Skip to content

pyspark Shell Script

pyspark shell script runs spark-submit with pyspark-shell-main application resource as the first argument followed by --name "PySparkShell" option (with other command-line arguments, if specified).

pyspark/shell.py

pyspark/shell.py

Learn more about pyspark/shell.py in The Internals of PySpark.

pyspark/shell.py module is launched as a PYTHONSTARTUP script.

Environment Variables

pyspark script exports the following environment variables:

OLD_PYTHONSTARTUP

pyspark defines OLD_PYTHONSTARTUP environment variable to be the initial value of PYTHONSTARTUP (before it gets redefined).
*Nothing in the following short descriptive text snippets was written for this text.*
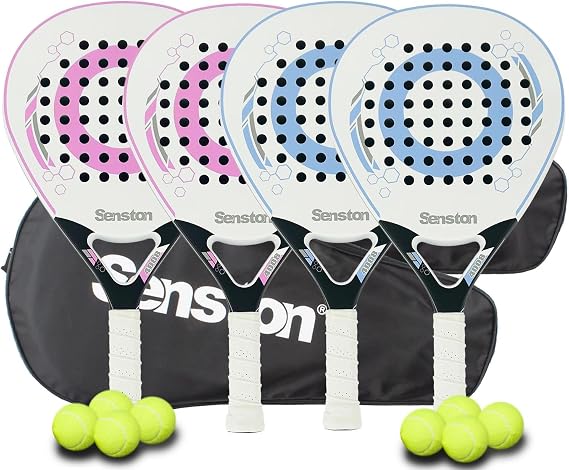 Senston Paddle Tennis Racket Carbon Fiber EVA Core 2 Pack for Beach Tennis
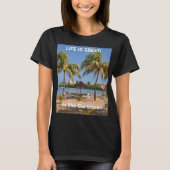 Het leven is het grote Caribische strand op de Maa T-shirt (Voorkant)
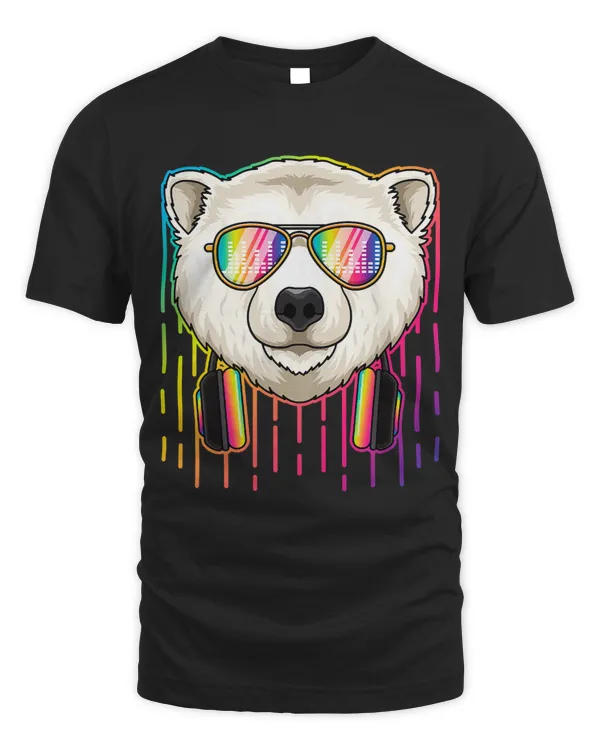 Music Polar Bear Dj With Headphones Music Lovers 425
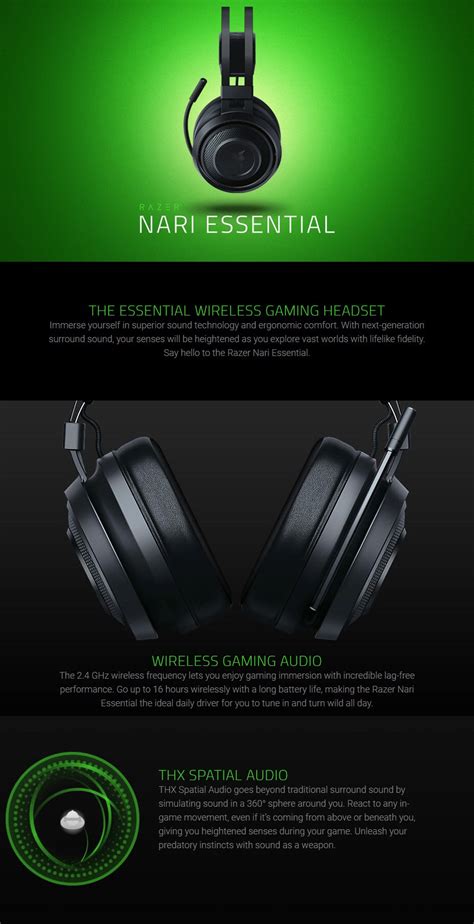 Razer Nari Essential Thx Spatial Audio Wireless Gaming Headset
The idea of OLD_PYTHONSTARTUP is to delay execution of the Python startup script until pyspark/shell.py finishes.

PYSPARK_PYTHON

PYSPARK_PYTHON environment variable can be used to specify a Python executable to run PySpark scripts.

The Internals of PySpark

Learn more about PySpark in The Internals of PySpark.

PYSPARK_PYTHON can be overriden by PYSPARK_DRIVER_PYTHON and configuration properties when SparkSubmitCommandBuilder is requested to buildPySparkShellCommand.
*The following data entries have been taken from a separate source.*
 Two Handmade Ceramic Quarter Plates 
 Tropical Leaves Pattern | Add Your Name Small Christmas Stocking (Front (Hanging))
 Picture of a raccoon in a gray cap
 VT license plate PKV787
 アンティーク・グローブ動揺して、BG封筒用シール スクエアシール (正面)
PYSPARK_PYTHON is overriden by spark.pyspark.python configuration property, if defined, when SparkSubmitCommandBuilder is requested to buildPySparkShellCommand.

PYTHONSTARTUP

From Python Documentation:

PYTHONSTARTUP

If this is the name of a readable file, the Python commands in that file are executed before the first prompt is displayed in interactive mode. The file is executed in the same namespace where interactive commands are executed so that objects defined or imported in it can be used without qualification in the interactive session. You can also change the prompts sys.ps1 and sys.ps2 and the hook sys.__interactivehook__ in this file.

pyspark (re)defines PYTHONSTARTUP environment variable to be pyspark/shell.py module:

${SPARK_HOME}/python/pyspark/shell.py

OLD_PYTHONSTARTUP

The initial value of PYTHONSTARTUP environment variable is available as OLD_PYTHONSTARTUP.